Mon Dec 8 00:08:35 PST 2025

ritter-x2a wrote:

> Should this be enabled at O0 at all? We see code size/runtime increase at O0 with the debug info enabled because of this patch (about 3x runtime perf regressions, code size bloat about 1.5x)

@alexey-bataev That is surprising, thanks for checking!
This particular patch should have been mostly NFC, except for (1) more specific (and therefore longer) basic block names and (2) moving a basic block from the lowering that was previously at an unexpected spot to the expected spot.
I suppose the basic block names might end up in some form in the debug info to cause the regression you are seeing. Do you have an example translation unit and compile command showing this code size bloat that you could share?
(Just to be sure we're talking about the same thing: with "runtime perf", you mean the performance of the compiled program, not the compiler, right?)

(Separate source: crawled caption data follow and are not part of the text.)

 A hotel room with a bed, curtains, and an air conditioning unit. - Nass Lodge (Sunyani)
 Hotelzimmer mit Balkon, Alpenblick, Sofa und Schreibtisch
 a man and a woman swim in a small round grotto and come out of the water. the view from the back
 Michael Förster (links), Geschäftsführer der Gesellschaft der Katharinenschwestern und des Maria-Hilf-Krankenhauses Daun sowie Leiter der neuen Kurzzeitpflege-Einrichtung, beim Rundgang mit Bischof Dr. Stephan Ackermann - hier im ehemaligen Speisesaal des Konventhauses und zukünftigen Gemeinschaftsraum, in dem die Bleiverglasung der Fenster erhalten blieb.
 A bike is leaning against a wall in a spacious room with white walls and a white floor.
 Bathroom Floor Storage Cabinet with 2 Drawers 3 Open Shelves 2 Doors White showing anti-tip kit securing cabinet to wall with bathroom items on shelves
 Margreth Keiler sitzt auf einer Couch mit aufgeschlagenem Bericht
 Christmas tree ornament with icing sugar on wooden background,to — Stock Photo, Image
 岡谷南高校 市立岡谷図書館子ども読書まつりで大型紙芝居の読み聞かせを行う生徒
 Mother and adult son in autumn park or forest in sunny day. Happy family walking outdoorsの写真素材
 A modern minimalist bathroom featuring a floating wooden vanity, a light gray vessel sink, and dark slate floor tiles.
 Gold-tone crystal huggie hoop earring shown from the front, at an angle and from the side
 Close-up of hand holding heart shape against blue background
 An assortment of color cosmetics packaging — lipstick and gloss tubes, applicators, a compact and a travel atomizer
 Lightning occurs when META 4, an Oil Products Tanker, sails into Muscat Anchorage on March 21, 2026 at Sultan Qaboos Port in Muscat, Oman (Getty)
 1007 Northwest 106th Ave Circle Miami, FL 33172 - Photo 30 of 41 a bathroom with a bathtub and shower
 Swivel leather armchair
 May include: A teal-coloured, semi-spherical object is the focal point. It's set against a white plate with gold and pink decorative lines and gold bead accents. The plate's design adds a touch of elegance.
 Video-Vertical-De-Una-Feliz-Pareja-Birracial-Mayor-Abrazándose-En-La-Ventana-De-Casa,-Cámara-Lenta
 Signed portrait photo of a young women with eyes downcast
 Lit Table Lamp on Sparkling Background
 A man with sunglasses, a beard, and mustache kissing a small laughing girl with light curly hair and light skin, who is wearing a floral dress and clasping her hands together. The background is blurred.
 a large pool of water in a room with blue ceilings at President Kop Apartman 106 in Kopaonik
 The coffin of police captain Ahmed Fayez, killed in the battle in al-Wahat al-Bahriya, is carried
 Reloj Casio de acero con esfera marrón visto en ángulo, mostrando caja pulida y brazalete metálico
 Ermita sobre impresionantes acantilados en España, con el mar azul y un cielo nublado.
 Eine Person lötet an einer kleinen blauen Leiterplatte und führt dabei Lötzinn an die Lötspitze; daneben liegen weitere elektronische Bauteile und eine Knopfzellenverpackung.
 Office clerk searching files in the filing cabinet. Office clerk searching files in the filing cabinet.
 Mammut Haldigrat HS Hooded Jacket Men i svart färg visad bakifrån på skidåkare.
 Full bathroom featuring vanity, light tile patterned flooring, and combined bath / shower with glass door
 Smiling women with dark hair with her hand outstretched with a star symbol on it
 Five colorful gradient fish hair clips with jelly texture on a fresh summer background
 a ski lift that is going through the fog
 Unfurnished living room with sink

Regarding if it should run at -O0:
- The lowering of memory intrinsics into loops in general needs to run (for targets where library implementations are not available, like AMDGPU).
- I can see that we might want to have a separate path that only inserts a byte-wise (or maybe word-wise) copy loop for -O0 and -Os (I'm not sure if that's better solved for all targets in LowerMemIntrinsics.cpp or in the Target's TargetTransformInfo::getMemcpyLoopLoweringType. The latter might be more flexible to, e.g., choose a word-lowering instead of bytes for -Os if the difference in encoding size is minor compared to the performance benefit).
  However, as I said above, this patch shouldn't change the access type used for the lowering, so this should be orthogonal to the regression you're seeing.

https://github.com/llvm/llvm-project/pull/169039